Site information
- Type: Military Airfield
- Controlled by: United States Army Air Forces

Location
- Coordinates: 49°40′44″N 008°27′05″E﻿ / ﻿49.67889°N 8.45139°E

Site history
- Built: 1945
- Built by: IX Engineering Command
- In use: April–July 1945
- Materials: SOD/SMT

= Biblis Airfield =

Biblis Airfield is an abandoned World War II military airfield located in Germany, approximately 5 miles northeast of Worms (Rheinland-Pfalz); approximately 300 miles southwest of Berlin.

Bibliser Airfield, known in German as “Bibliser Flugplatz,” was built by the United States Army Air Forces at the site of a Wehrmacht Army Barracks (Biblis Kaserne). It was also the first USAAF airfield to be built in support of Seventh Army operations east of the Rhine River after two divisions crossed the river near Worms on 26 March 1945. It was a vital airfield used in the encirclement of the Ruhr Pocket during the Western Allied invasion of Germany, in which more than 300,000 German troops were taken as prisoners.

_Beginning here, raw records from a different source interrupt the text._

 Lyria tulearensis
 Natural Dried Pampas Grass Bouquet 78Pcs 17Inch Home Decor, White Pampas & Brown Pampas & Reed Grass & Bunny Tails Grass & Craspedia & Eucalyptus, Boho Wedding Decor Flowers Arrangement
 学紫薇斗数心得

After being closed in July 1945, the facility was eventually abandoned. Today, it is the site of a sports complex to the south of Biblis.

==History==
The airfield was laid out very quickly at a captured German Army Barracks (Kaserne), just to the south of Biblis after the Rhine crossing. The 850th Engineer Aviation Battalion arrived at the site on 1 April 1945 and on 2 April they had laid down a 5000 ft square-mesh track and sod runway, using the captured army buildings as a support area. The airfield was designated as Advanced Landing Ground "Y-78 Biblis "

The Twelfth Air Force 27th Fighter Bomber Group moved in almost immediately with its A-36 Apache ground-attack aircraft (a version of the P-51C Mustang optimized for ground support) and began flying missions in the Ruhr. The 27th attacked enemy troop formations, motorized vehicles, armored vehicles and bridges to keep the German forces pinned down while the United States First and Ninth Armies moved up to meet the British XXIst Army Group coming down from the north. By 4 April the encirclement was complete, and for the next two weeks the pocket was made smaller and smaller, eventually forcing the surrender of over 300,000 German troops and their equipment.

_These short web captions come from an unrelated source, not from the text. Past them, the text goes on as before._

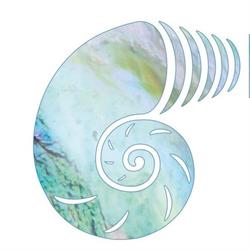 Precision Hearing (Darlinghurst Nsw)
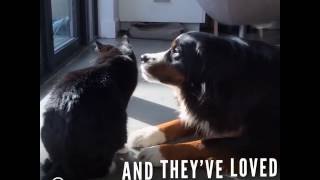 Perros adorables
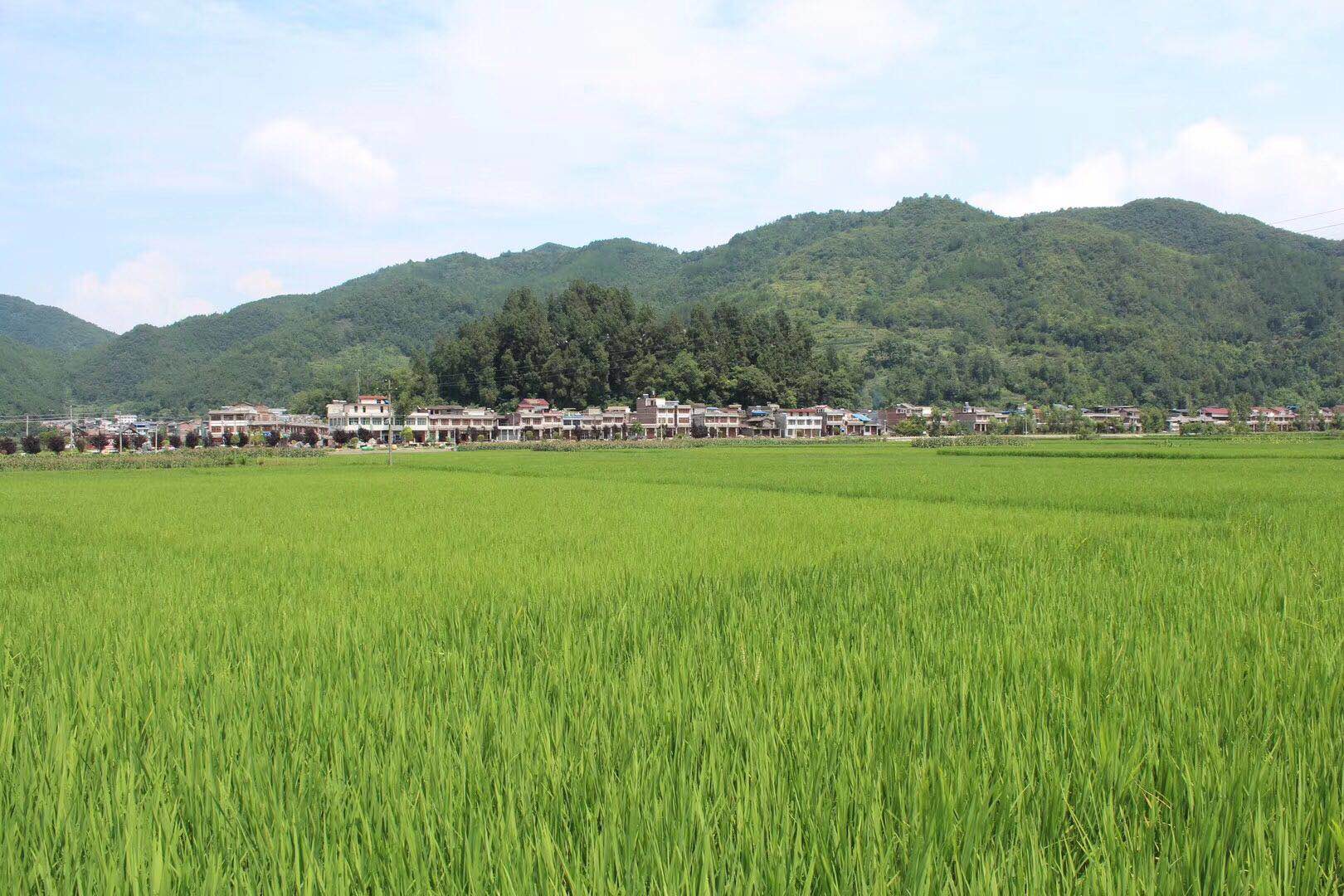 【钢城文苑】七月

The Allied victory in the Ruhr essentially eliminated serious opposition by the German Armed forces in Western Germany and afterward American ground forces swept east into Central Germany and Southern Germany, while British and Commonwealth forces moved into northern Germany against little organized resistance.

The 27th Fighter Bomber Group continued operations from Biblis supporting American forces as they advanced through Germany until the end of combat on 7 May. The unit remained at the airfield until the end of June when it returned to the United States. The airfield was closed in July and abandoned.

After the war, the area was completely reconstructed and all of the military buildings, and airfield were removed. The site is now occupied by agricultural fields and a small forest. An antenna on the former airfield grounds is reportedly used by a German-American radio station . The airfield's HQ now shelters a restaurant, stables for horse riding and training.